A provocative article by the Daily Mail’s columnist Sarah Vine in last week’s paper, claiming that it was impossible to see a GP prompted the BMA (British Medical Association) to send an official complaint to the paper, expressing its ‘anger at attacks and smears’ against GPs, following the latest GP-bashing article published by the newspaper.
Vine declared ‘Being a doctor is supposed to be about helping sick people get better, not guilt-tripping them for taking up your time… So why are doctors STILL using Covid as an excuse not to see patients?’. She said obtaining a GP appointment was the equivalent of ‘seeking an audience with the Pope’ and claimed that GPs seem to have unilaterally decided they don’t want to see patients anymore and were still using Covid as an excuse when most businesses had moved on.
This ill-informed biased nonsense is a totally unnecessary attack on the majority of exceptionally hard-working GPs, who are suffering from overwhelming workloads.
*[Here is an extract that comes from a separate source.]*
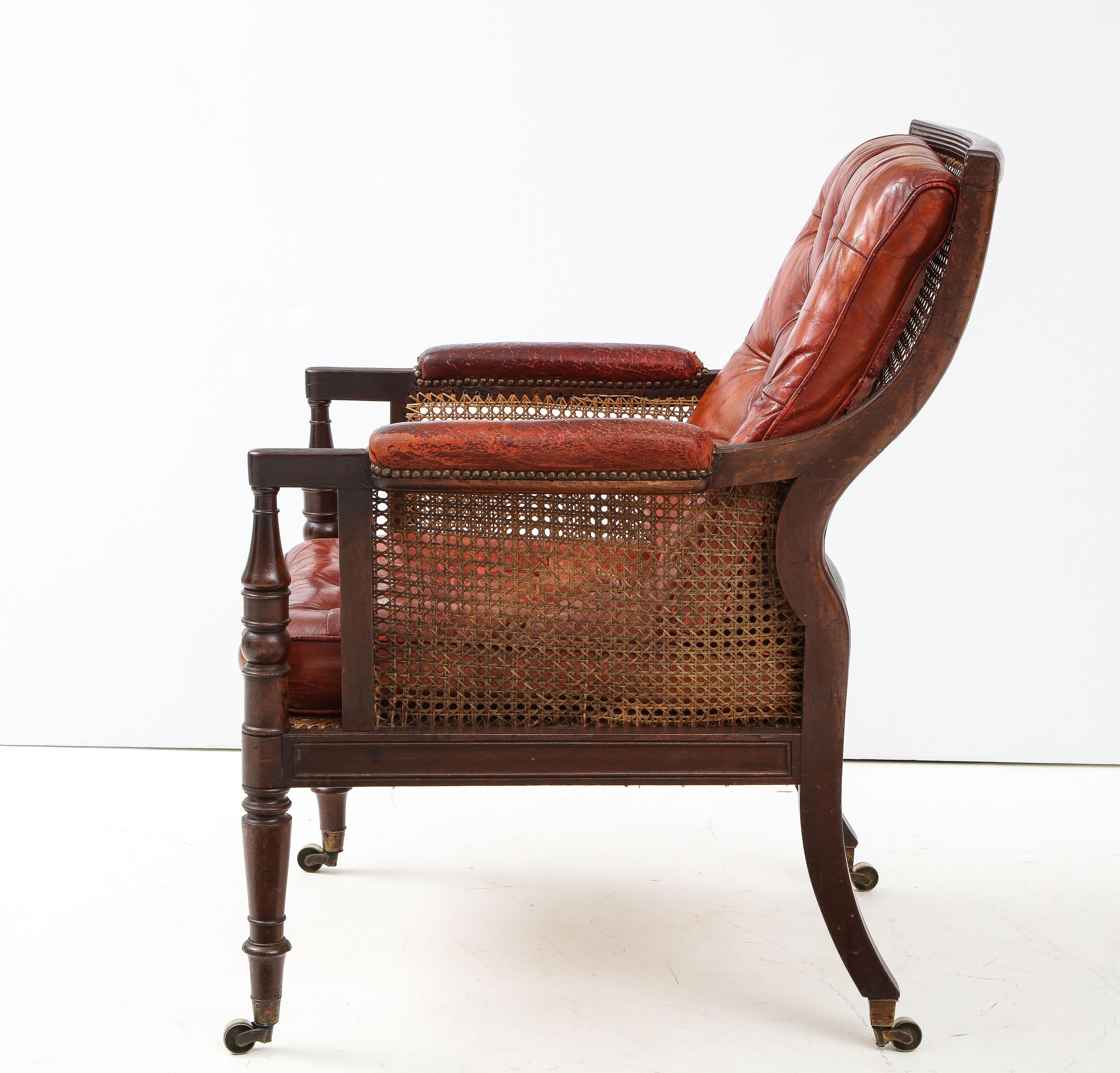 Fine George IV bergere the square back with ribbed rails and caning behind buttoned leather cushion, the armpads and seat similarly upholstered, the sides and seat also caned and standing on turned legs with original casters, the whole with good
Since the pandemic patient demands have soared, with many people becoming increasingly concerned about their health and in numerous cases insisting on seeing a doctor (or rushing to overcrowded A&E departments) when their symptoms are clearly not urgent.
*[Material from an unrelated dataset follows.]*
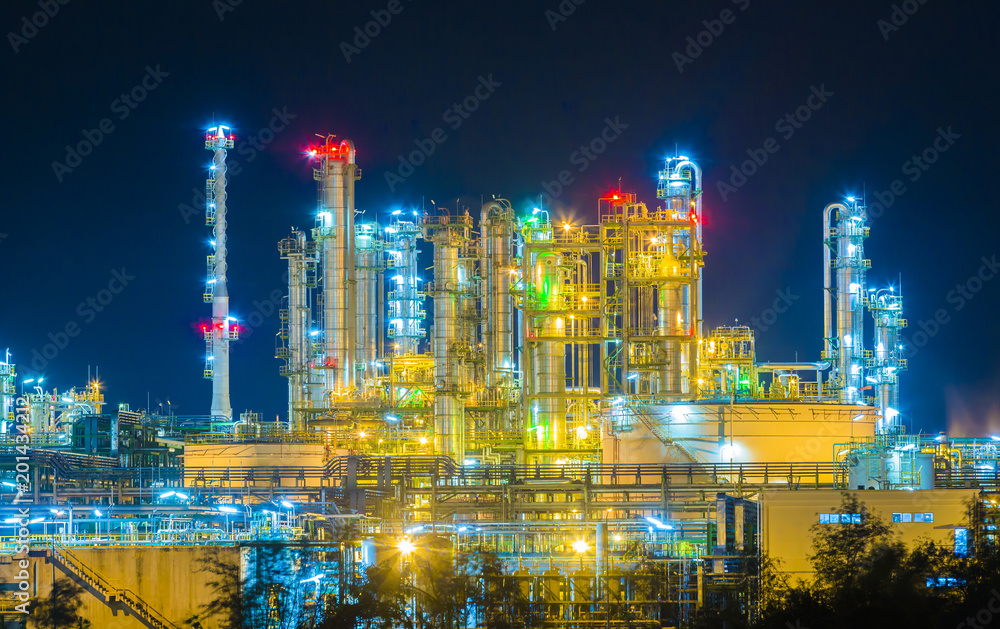 Petroleum refinery industry plant with lighting on twilight time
With such a desperate shortage of GPs and no solution envisaged in the near future, we have to give our GPs a much needed and deserved break. They have studied intensively for 7 years, passed exams at the highest level and become GPs as a vocation. At MCG Healthcare we’re at the coalface of recruiting in Primary Care and we know the doctors we represent will be outraged and hurt by Vine’s scurrilous attack.
As Dr Matt Mayer says
"This latest smear by the Daily Mail yet again blames the workforce itself for the worst workforce shortage in GP history.
We have fewer GPs than ever before, who are providing more appointments than ever before, in a broken system. If GPs have the easy job the Daily Mail suggests, why are they all leaving?
Blaming GPs for the fact that there aren't enough GPs is as absurd as blaming the banknotes in your wallet for the cost-of-living crisis. Such an argument simply tries to deflect blame and scrutiny away from those whose fault this crisis really is."